[Data for this exercise Boundary: Start]

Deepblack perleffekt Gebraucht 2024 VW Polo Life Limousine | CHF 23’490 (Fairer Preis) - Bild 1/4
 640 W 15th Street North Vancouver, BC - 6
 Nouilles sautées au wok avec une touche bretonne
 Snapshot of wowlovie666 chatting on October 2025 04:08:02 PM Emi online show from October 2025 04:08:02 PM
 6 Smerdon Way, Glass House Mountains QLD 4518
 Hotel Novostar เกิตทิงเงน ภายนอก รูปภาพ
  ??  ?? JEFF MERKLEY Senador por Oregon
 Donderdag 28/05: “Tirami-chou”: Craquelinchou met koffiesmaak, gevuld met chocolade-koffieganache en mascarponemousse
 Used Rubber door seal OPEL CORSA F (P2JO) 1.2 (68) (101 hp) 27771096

[Data for this exercise Boundary: End]

**Task to complete:** Reproduce, unchanged, the line containing "Senador por Oregon" and each line after it through the end of the listing above, and nothing else.

**Completed exercise:**
  ??  ?? JEFF MERKLEY Senador por Oregon
 Donderdag 28/05: “Tirami-chou”: Craquelinchou met koffiesmaak, gevuld met chocolade-koffieganache en mascarponemousse
 Used Rubber door seal OPEL CORSA F (P2JO) 1.2 (68) (101 hp) 27771096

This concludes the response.